De rechtbank stelt vast dat de kopieën van de identiteitskaart van [betrokkene 3] en van het KvK-uittreksel die aan de huurovereenkomsten voor de [adres] en de [adres] exact hetzelfde zijn. Uit verdachtes verklaring blijkt dat deze kopieën bij de verhuur van de [adres] op zijn kantoor zijn gemaakt. Nu verdachte niet kan verklaren hoe [betrokkene 9] drie jaar later aan deze kopieën kan zijn gekomen en deze [betrokkene 9] kennelijk zowel voor verdachte als voor de politie niet traceerbaar is, acht de rechtbank de verklaring van verdachte dat hij deze documenten van die [betrokkene 9] heeft gekregen niet aannemelijk geworden. Dat [betrokkene 3] daadwerkelijk betrokken is geweest bij de huur van dit pand acht de rechtbank, gelet op diens eigen verklaring en het feit dat gebruik is gemaakt van een legitimatiebewijs dat als vermist was opgegeven, evenmin aannemelijk geworden.

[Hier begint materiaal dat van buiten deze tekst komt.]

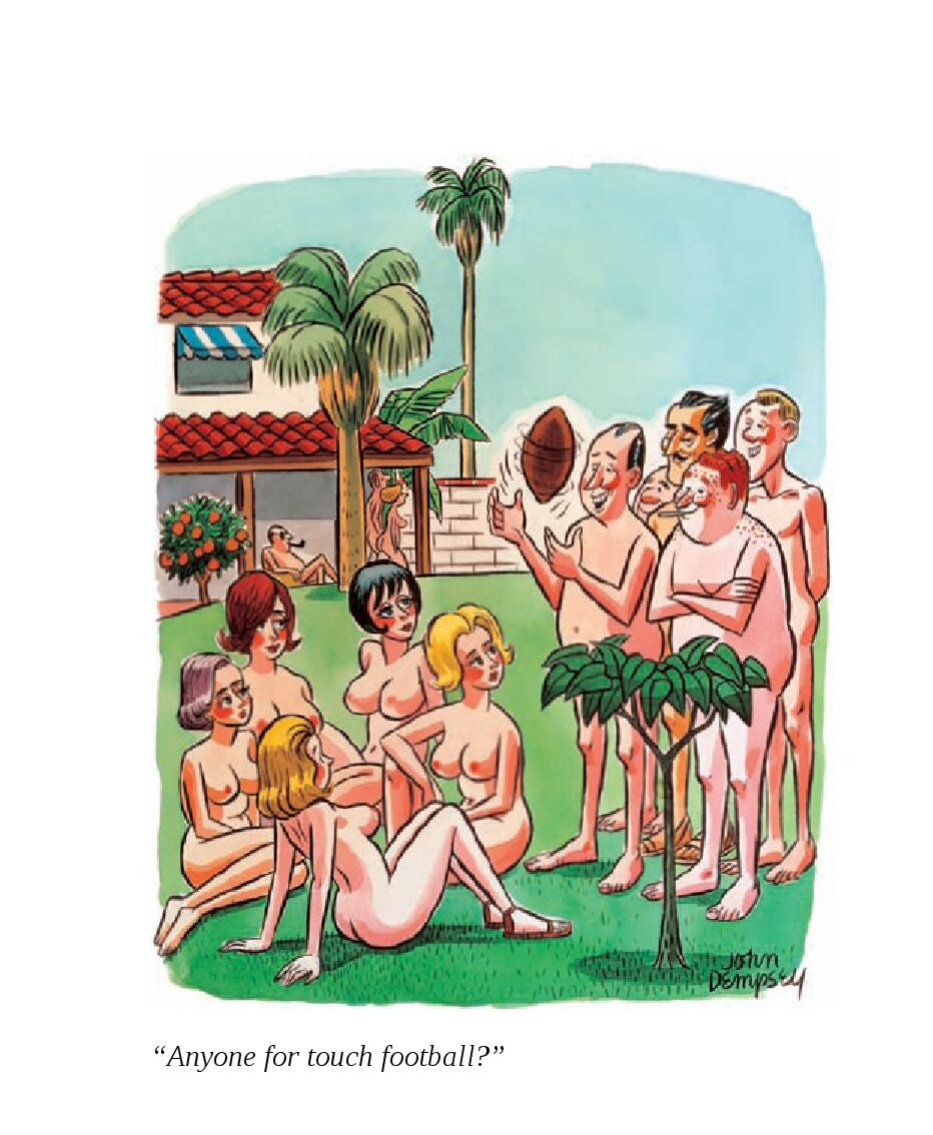 Playboy - 50 Years: The Cartoons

De rechtbank leidt uit het voorgaande af dat voor het pand aan de [adres] door verdachte een “spookhuurder” is geregeld in de persoon van de heer [betrokkene 3]. De rechtbank stelt voorts vast dat, gelet op het relatief korte tijdsverloop van ruim twee maanden tussen het afsluiten van het huurcontract en het aantreffen van de hennepkwekerij het valse huurcontract is afgesloten met als enige doel een hennepkwekerij in het pand op te zetten. Deze omstandigheden kunnen tot geen andere conclusie leiden dan dat direct na het afsluiten van het huurcontract de hennepkwekerij is opgezet, ingericht en in werking gesteld. Uit die omstandigheden leidt de rechtbank het opzet van verdachte af.
[adres]
Op [geboortedag] 2013 werd in een pand aan de [adres] te Den Haag naar aanleiding van onverklaarbare wateroverlast in de kelderboxen een onderzoek ingesteld. In het pand werd een in werking zijnde hennepkwekerij met in totaal 816 hennepplantenaangetroffen.

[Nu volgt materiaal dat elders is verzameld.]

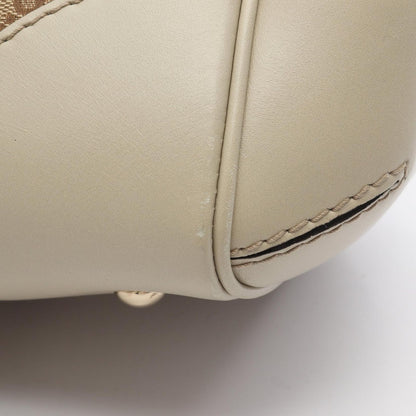 Gucci Tote Mayfair GG Canvas Sherry Line Beige — view 8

Op de huurovereenkomst staat [betrokkene 10] als verhuurder genoemd. De heer
[betrokkene 1] en mevrouw[betrokkene 2], wonende in de [adres] te Den Haag, staan als hurende partij vermeld. De overeenkomst is gedateerd 1 februari 2013. Bij de huurovereenkomst zijn verschillende kopieën van documenten, waaronder legitimatiebewijzen en salarisstroken, gevoegd.
Eigenaar [betrokkene 10] heeft verklaard dat hij de woning via makelaarskantoor [makelaarskantoor] en via verdachte aan een Pools echtpaar dat hij nooit heeft gezien of gesproken heeft verhuurd en dat verdachte de huur betaalde. Voorts heeft [betrokkene 10] verklaard dat toen hij in januari 2013 in de woning was, er ineens meerdere Turks uitziende mannen binnenkwamen die verklaarden dat zij de woning kwamen bezichtigen en dat zij de sleutel van de makelaar hadden. [betrokkene 10] had dit met Verbeek besproken. Verbeek was furieus op verdachte, omdat verdachte van hem de sleutel zou hebben gekregen.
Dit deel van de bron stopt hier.